Pai de vítima de massacre de Suzano vê 'duas homenagens' em balão de jogo

Arlindo Dionizio encontrou o balão lançado pelo Corinthians em homenagem a Samuel, uma das vítimas do massacre de Suzano, e entregou pessoalmente ao pai do estudante

UOL

No último domingo (17), o Corinthians recebeu o Oeste pelo Campeonato Paulista e venceu por 1 a 0. Antes do jogo na Arena Corinthians, porém, jogadores das duas equipes soltaram balões como homenagem às vítimas do massacre em uma escola de Suzano (SP), ocorrido quatro dias antes.

Por coincidência, um dos balões foi parar justamente em Suzano - o que levava o nome de Samuel Melquíades Silva de Oliveira, uma das vítimas. E o objeto, encontrado por Arlindo Dionízio, foi entregue pessoalmente a Gercialdo Melquíades de Oliveira, o pai do estudante.

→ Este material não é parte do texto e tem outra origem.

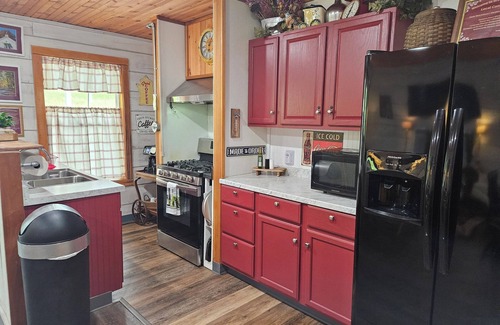 Mount Nebo Cabin | Brownstone Mill by the Pond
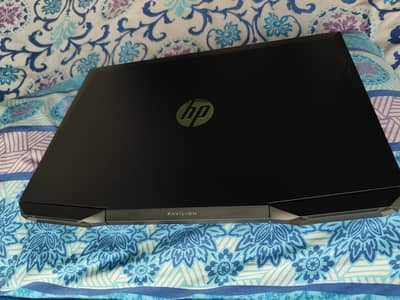 HP Pavilion 15 Green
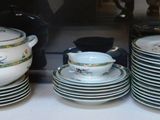 de nombreuses assiettes et tasses exposées dans une vitrine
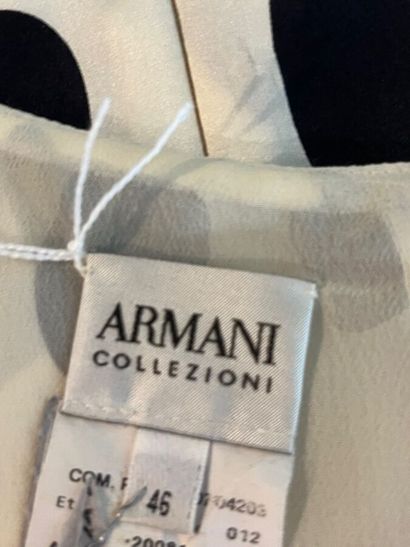 GIORGIO ARMANI - Lot comprenant un tailleur...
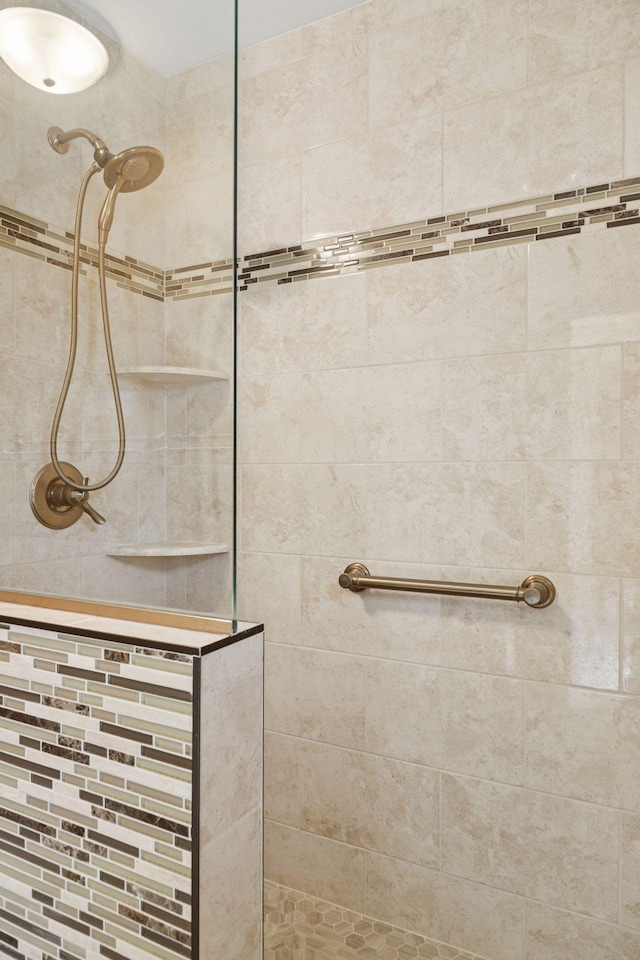 6517 Crackleberry Trl, Woodbury, MN 55129 - bathroom with walk in shower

Apesar da perda familiar, Gercialdo viu o fato de maneira positiva. "Eu encarei como duas homenagens diferentes. Primeiro: a do Corinthians, que homenageou meu filho e todas as outras vítimas. Quando seu Arlindo achou o balão, eu encaro como uma segunda homenagem - não para o Samuel, mas agora para mim, como pai dele", disse o pai de Samuel, em entrevista divulgada hoje pelo programa Fantástico, da Rede Globo.

Arlindo, que achou o balão durante uma caminhada, demorou a confirmar que o balão tinha sido um dos que haviam sido soltos na Arena Corinthians.

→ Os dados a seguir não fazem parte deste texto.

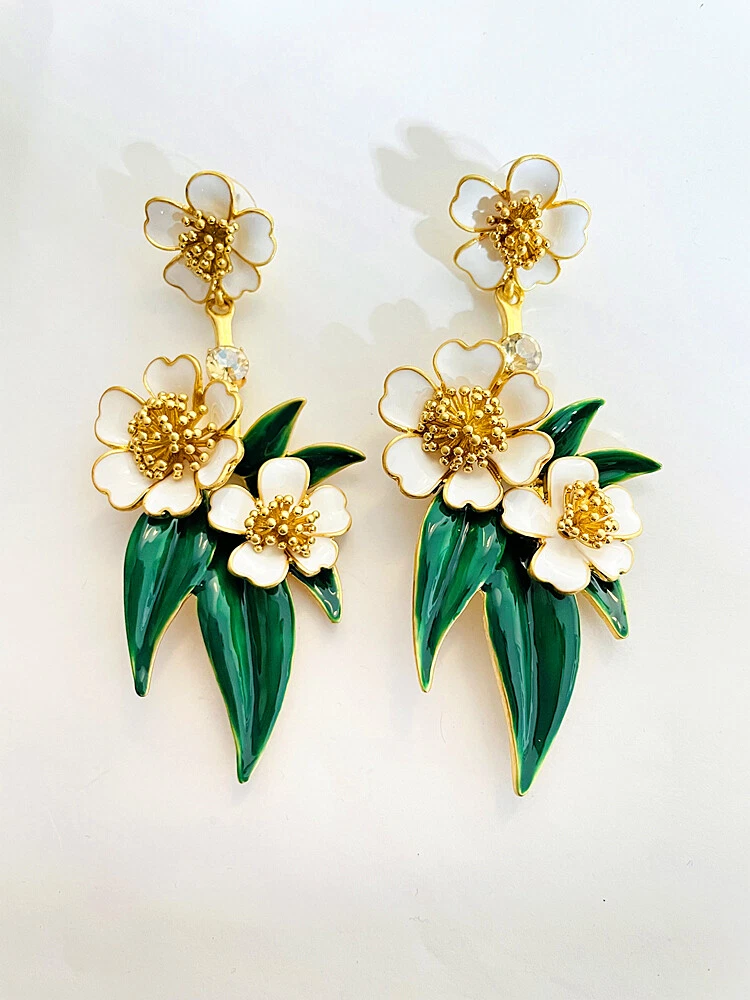 Oscar de la renta flower cheap earrings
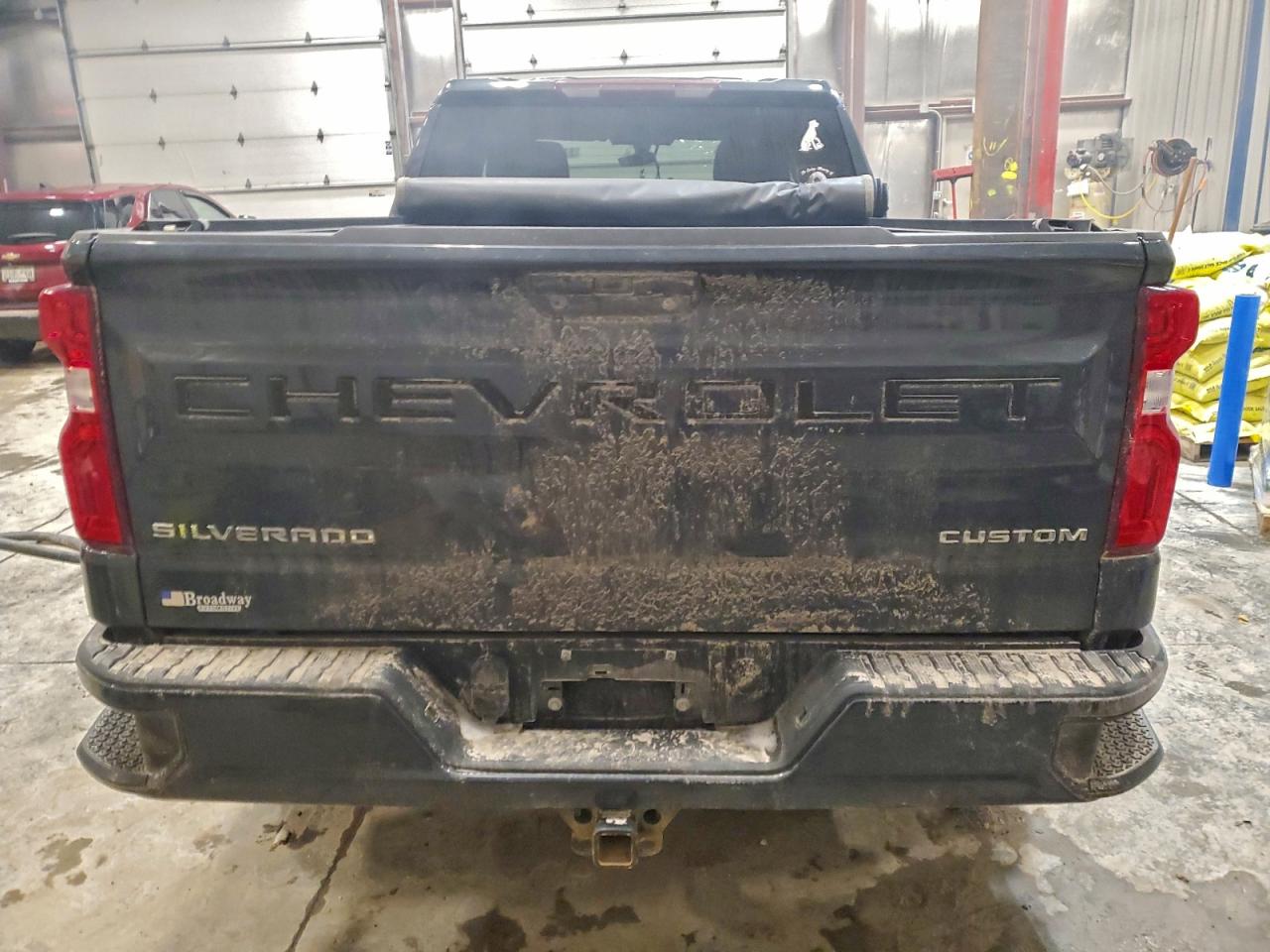 2020 CHEVROLET SILVERADO photo 6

"A gente entrou no site do Corinthians, pegamos (fotos de) jogador com balão na mão, soltando o balão. Aí comparamos direitinho e vimos que realmente era de lá", disse Arlindo, torcedor do São Paulo, também à emissora.

Em sua entrevista, ele lamentou a tragédia. "A gente se põe no lugar daqueles pais que perderam o filho. O carinho que ele tinha pelo filho dele é o mesmo que eu tenho pelo meu filho", disse.

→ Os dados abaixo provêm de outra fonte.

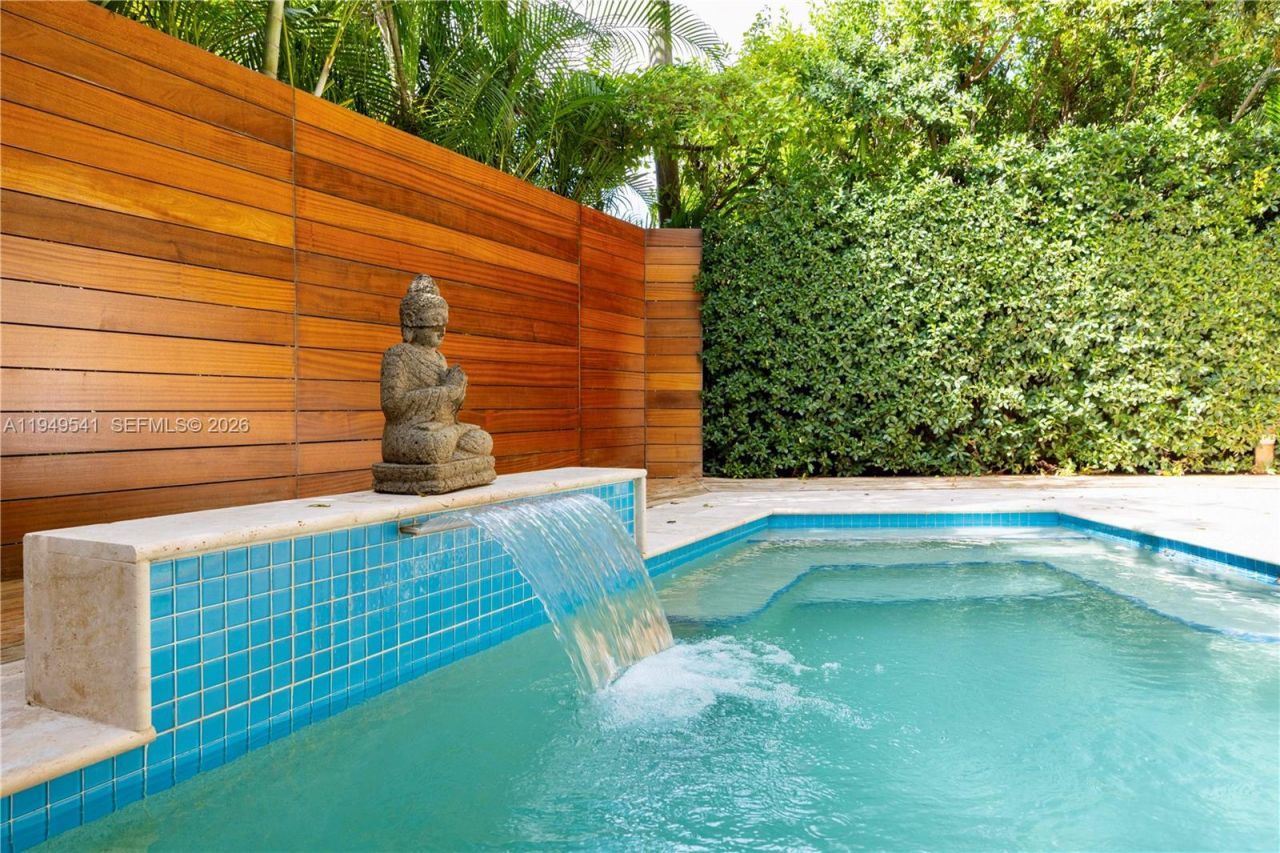 1900 Pizarro St, Coral Gables, FL 33134 Photo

O goleiro do Oeste, Matheus Cavichioli, foi o responsável por soltar o balão antes do jogo. E também viu com bons olhos a entrega ao pai de Samuel.

"Fui o escolhido naquele momento para estar com aquele balão. E o balão foi até lá. Quem sabe, por que não, acreditar que o balão voltou para casa?", cogitou.